For starters, you run the risk of allowing your competitors to upstage you. In fact, every single caveat, exception, or condition is an opportunity served up on a silver platter for your competitors. Seriously, do you really want to make life that much easier for other companies looking for a reason to advertise something that actually makes sense to your customers? I think not. From a self-referential standpoint, a no-blackout policy is a clean and effective way of giving something back to your customers. Starwood Hotels (my preferred hotel group/chain) is pretty progressive in terms of making it easy for its members to cash in their hard-earned miles for free stays. In fact, they took this to a new level in May 2009,27 when they announced that they would extend this no-blackout policy to airline deals (a natural complement to hotel stays) through their newly introduced SPG flights service. If you read between the lines, they’re teeing up the ability to use Starwood miles in exchange for airfare and, in doing so, opening up their members’ ability to pay cash for hotel rooms (read: revenue generation).

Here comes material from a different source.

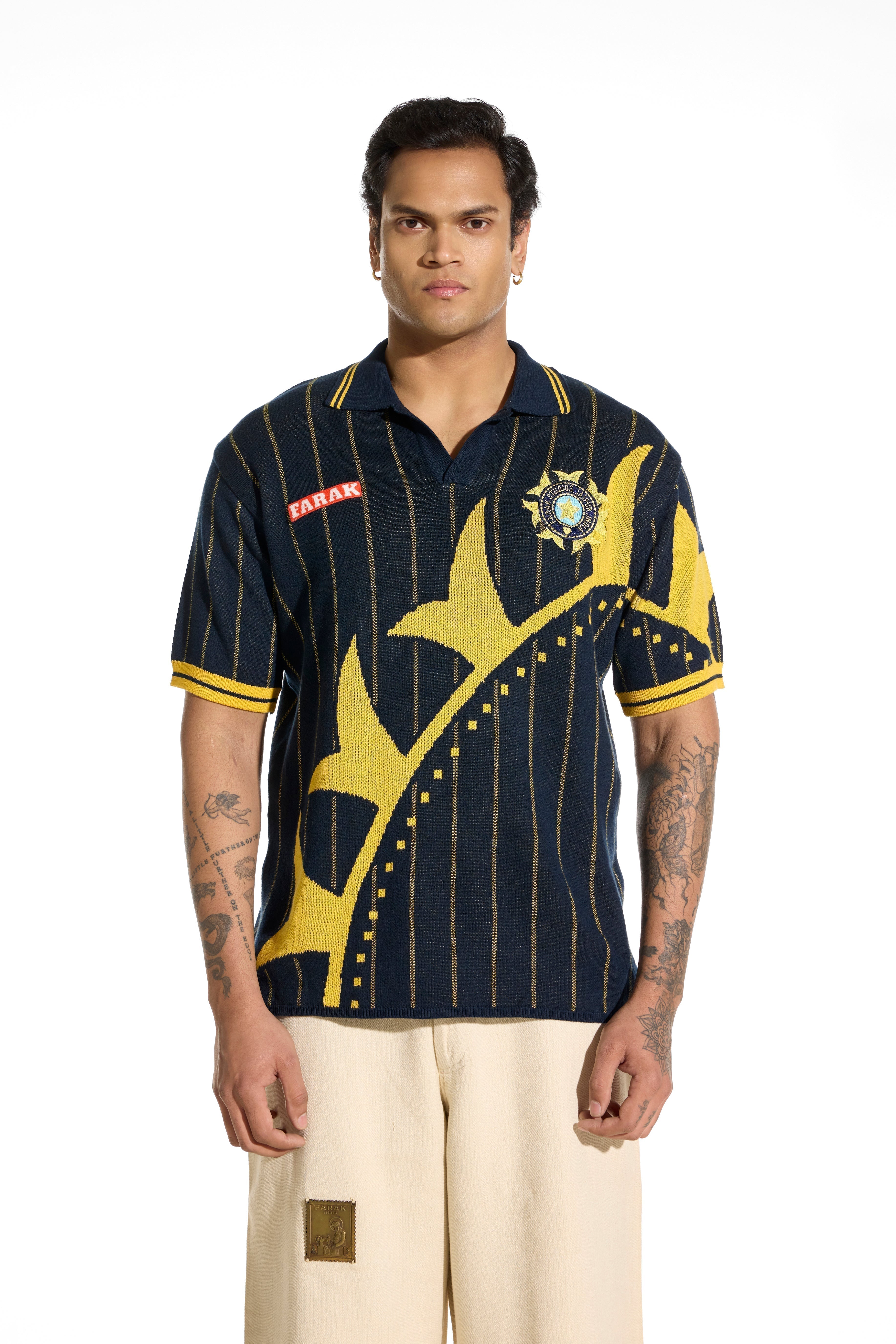 Flat-knit Indian Jersey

Swings and roundabouts.
Blackout policies are really nothing more than blatant expressions of greed, manipulation, and opportunism. Companies telegraph their disdain for their customers by denying their ability to exchange their genuinely hard-earned points or miles for perks during what would be called peak or high season (translation: school or public holidays). In other words, all those sacrifices the road warriors made during the year really mean nothing when they can’t be shared with their families. (Can you tell how unemotional I am about the subject?)

Likelihood to Recommend

The final loyalty generator comes in the form of word-of-mouth referrals. It’s the Net Promoter strategy, mixed in with good old-fashioned peer-to-peer dynamics. The formula here is pretty simple: Treat your customers well enough and they’ll pay it forward by sharing the love with others. We humans have some redeeming qualities, one of which is the very biblical treatment of our neighbors as we would want to be treated ourselves. Or in this case, tweaked to recommend products, services, and/or brand experiences to others, based on how we’re treated and how we’d expect them to be treated in return.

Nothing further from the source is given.